姜循冷斥:「哭什麼?人各有命,生死難料。想哭你娘死去別屋哭,若是哭我死——我還沒死呢。」
玲瓏努力捂住嘴,壓抑自己的哭聲。
她抬起頭,兩隻眼睛已經哭得紅腫。她強忍抽搭:「我娘沒了,娘子你的蠱也解不了……這該怎麼辦啊?」
姜循眉目間冷意更濃,她凝望著虛空,又生幾分自嘲。
她隱約間好像看到纏綿病榻的姜夫人翻個身,隔著雨簾,那夫人面容模糊又溫柔得近乎詭異,朝她輕輕露出一個笑。
那個笑好像在說:循循,我贏了。
姜循心間重重一抽,痛得她袖籠中的手指被蜂蟄一般,刺疼。
這就是姜家帶給她的影響……影響好像不太大,可是每一次,峰迴路轉柳暗花明,她眼見要贏了,姜家又重新將她扯回去,告訴她:這盤棋,還沒下完。
夫人啊,夫人。
原來這才是姜夫人下的最後一枚棋。
姜家為了控制姜循,讓姜循配合姜太傅,給姜循體內種蠱。母蠱種在玲瓏的生母顏嬤嬤體內,子蠱種在姜循體內。顏嬤嬤的生死,關係著姜循的生死。
姜循弄死姜夫人後,得顏嬤嬤幾多催促,開始去苗疆找當初種蠱的少年,好解開自己和顏嬤嬤身上的蠱。而今,姜循才明白為何姜太傅並不是很關心她解蠱之事,甚至壓根沒問過——
那苗疆少年說:「這老婆婆沒救啦。她體內不只有我的母蠱,還有另一種毒。那毒早就深入她的脾肺了,還全靠我的母蠱吊著命呢。不過現在也到了強弩之末,她的命保不住啦……姐姐,你大概要跟著活不成了。」
玲瓏大為震驚。
最近半年,姜夫人病逝後,顏嬤嬤確實頻頻生病。可是老人家身體本就不如年輕人康健,玲瓏怎料到這是因為顏嬤嬤體內除了母蠱,還被下了毒呢?
玲瓏望向顏嬤嬤,她的母親捂著臉坐在榻邊落淚不語,玲瓏霎時明白了所有:顏嬤嬤知道自己被下了毒。
所以顏嬤嬤才催促姜循解蠱。
顏嬤嬤幻想蠱早早解開,姜循不用陪著自己一起死。
苗疆少年說毒入肺腑,流入母蠱體內,早已和子蠱融為一體。母子蠱是解不開了,一旦解開,姜循便要跟著喪命。可是顏嬤嬤已經到了微末之時,她已經撐不下去了。
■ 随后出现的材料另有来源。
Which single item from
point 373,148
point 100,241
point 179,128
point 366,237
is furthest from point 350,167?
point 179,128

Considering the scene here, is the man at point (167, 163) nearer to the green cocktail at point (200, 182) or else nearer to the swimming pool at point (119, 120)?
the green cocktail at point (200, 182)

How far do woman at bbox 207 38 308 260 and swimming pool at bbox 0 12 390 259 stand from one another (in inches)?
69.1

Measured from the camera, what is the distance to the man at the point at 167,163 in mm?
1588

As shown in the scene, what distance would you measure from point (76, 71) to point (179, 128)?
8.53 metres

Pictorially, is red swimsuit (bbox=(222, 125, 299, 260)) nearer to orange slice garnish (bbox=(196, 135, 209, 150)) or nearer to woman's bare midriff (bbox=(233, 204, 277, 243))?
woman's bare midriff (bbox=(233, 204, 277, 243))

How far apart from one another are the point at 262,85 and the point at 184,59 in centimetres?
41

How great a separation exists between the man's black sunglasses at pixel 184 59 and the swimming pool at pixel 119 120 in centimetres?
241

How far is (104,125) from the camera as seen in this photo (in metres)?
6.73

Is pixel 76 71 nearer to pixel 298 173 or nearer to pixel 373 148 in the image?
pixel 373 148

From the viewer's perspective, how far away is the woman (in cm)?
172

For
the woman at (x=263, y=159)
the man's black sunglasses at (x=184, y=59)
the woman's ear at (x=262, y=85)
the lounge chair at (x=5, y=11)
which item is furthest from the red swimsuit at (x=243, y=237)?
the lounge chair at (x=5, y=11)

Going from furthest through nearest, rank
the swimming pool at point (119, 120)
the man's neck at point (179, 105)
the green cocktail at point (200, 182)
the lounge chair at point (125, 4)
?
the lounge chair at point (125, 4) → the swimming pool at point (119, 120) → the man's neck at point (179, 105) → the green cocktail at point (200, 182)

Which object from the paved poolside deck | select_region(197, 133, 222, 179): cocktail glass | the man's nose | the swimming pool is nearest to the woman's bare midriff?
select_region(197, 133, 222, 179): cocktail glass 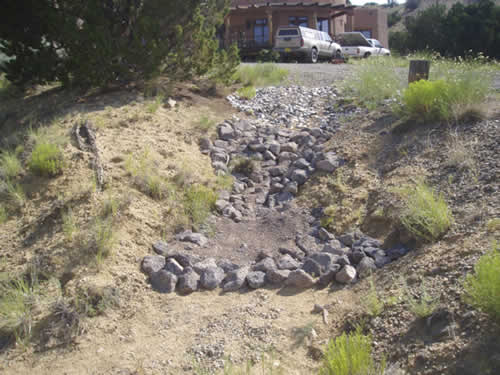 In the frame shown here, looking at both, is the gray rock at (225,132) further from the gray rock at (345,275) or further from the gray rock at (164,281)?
the gray rock at (345,275)

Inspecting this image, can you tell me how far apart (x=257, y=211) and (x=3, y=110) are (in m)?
5.14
在玲瓏的哭訴下,苗疆少年為難地不知做了什麼手段,在顏嬤嬤病逝後,用了另一種相似的母蠱來欺騙子蠱,好續著子蠱的命。但因姜循體內有其他毒,這種欺騙手段,大約只能奏效半年。
半年後,少年手裡那假的母蠱必死,姜循必要跟著賠命。
玲瓏哀求很久,苗疆少年惱羞成怒:「我真的盡力了!當初是你們下蠱,你們後面又下毒,關我什麼事?姐姐你要活命,不如去苗疆找我姐姐吧。我姐姐是我們的『巫女』,說不定有法子救你呢。但我肯定不行啦,對啦,你可別告訴我姐姐我在哪兒。